DESCRIPTION OF THE TASK:
Reproduce the records that follow in full, excluding any picture they contain.

Top of RECORD EXTRACTS

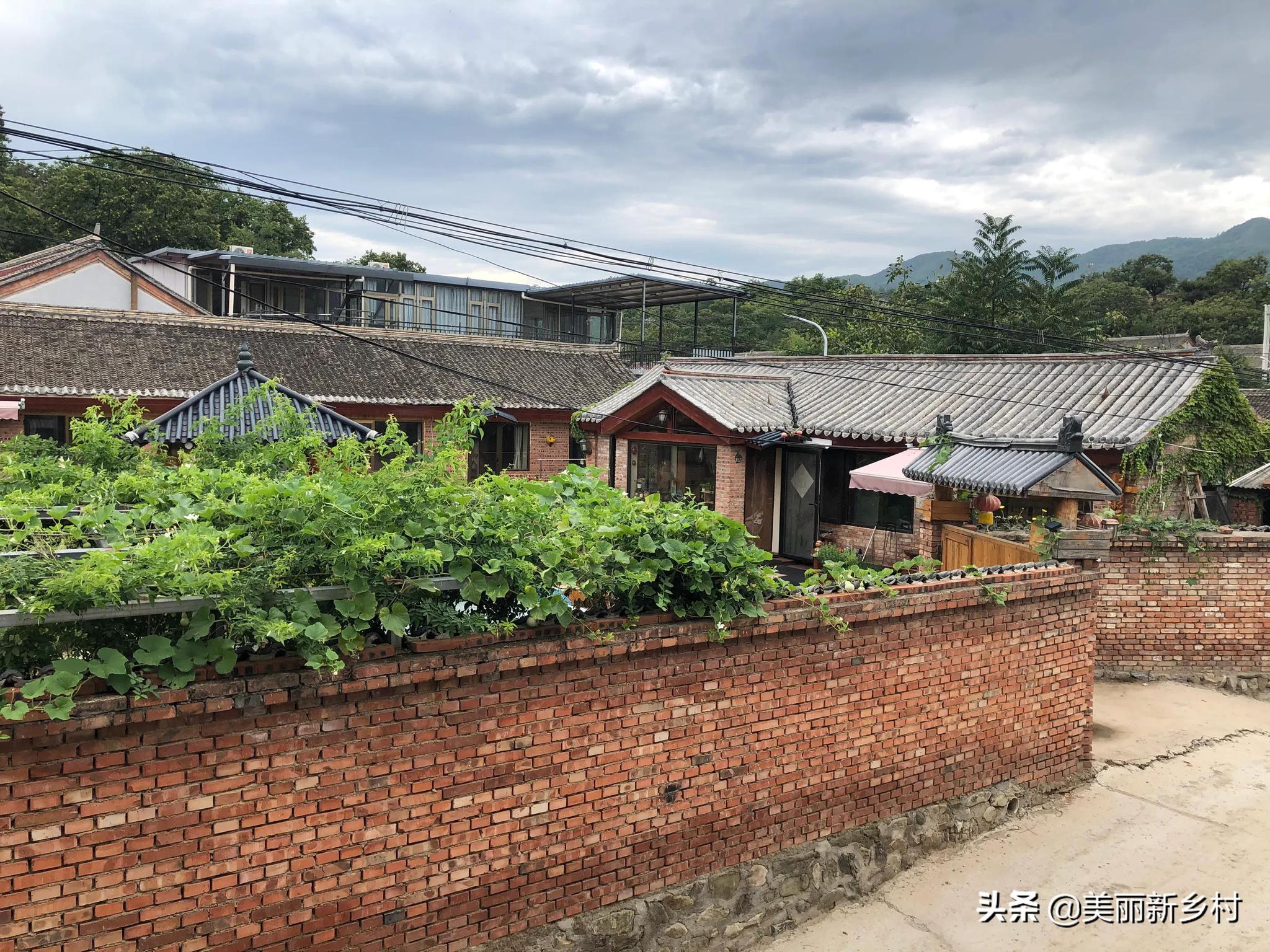 北京农民院子租给搞民宿经营的,房主自嘲:自家院子住不起了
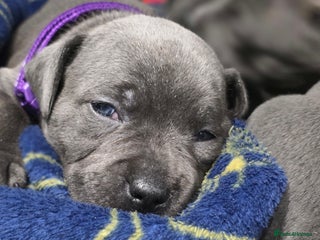 Staffordshire Bull Terrier dogs Beautiful Staffordshire Bull Terrier Puppies - Advert 14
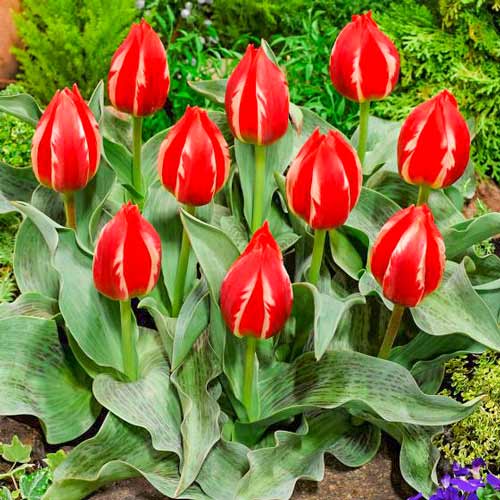 Тюльпан Грейга Френдли Файер изображение 1 артикул 70264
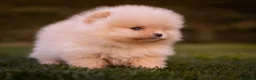 Pomerania perros en venta: Camada Pomerania Toy crema - Anuncio 2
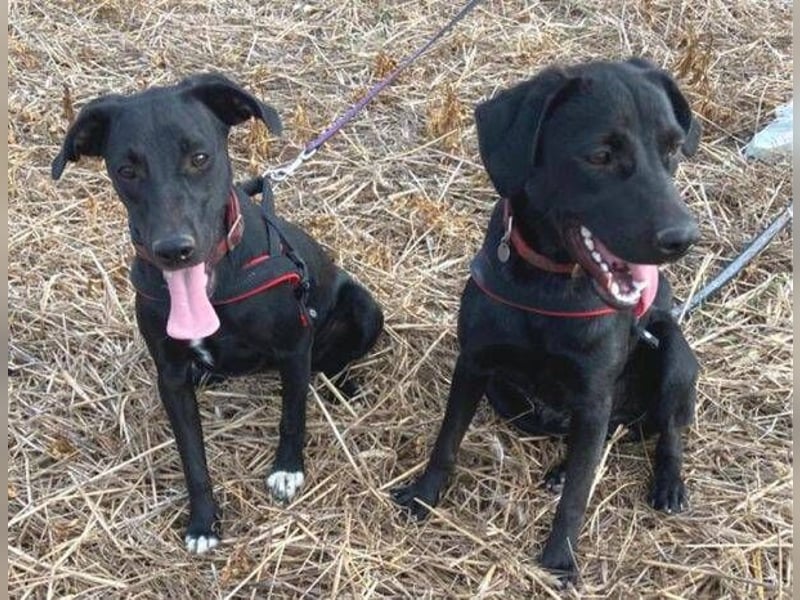 ELLA ist ganz zauberhaft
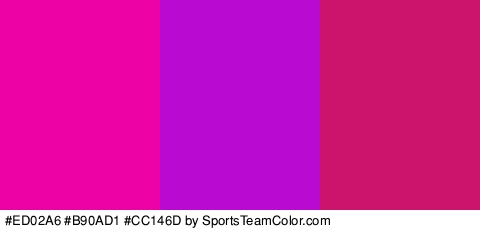 #ED02A6 #B90AD1 #CC146D Colors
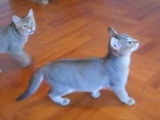 Deux Chausie s'amusent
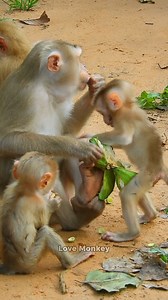 333K views · 3.6K reactions | OMG hungry baby monkey asking for food from mom | Love Monkey | Facebook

Bottom of RECORD EXTRACTS

SOLUTION TO THIS TASK:
 北京农民院子租给搞民宿经营的,房主自嘲:自家院子住不起了
 Staffordshire Bull Terrier dogs Beautiful Staffordshire Bull Terrier Puppies - Advert 14
 Тюльпан Грейга Френдли Файер изображение 1 артикул 70264
 Pomerania perros en venta: Camada Pomerania Toy crema - Anuncio 2
 ELLA ist ganz zauberhaft
 #ED02A6 #B90AD1 #CC146D Colors
 Deux Chausie s'amusent
 333K views · 3.6K reactions | OMG hungry baby monkey asking for food from mom | Love Monkey | Facebook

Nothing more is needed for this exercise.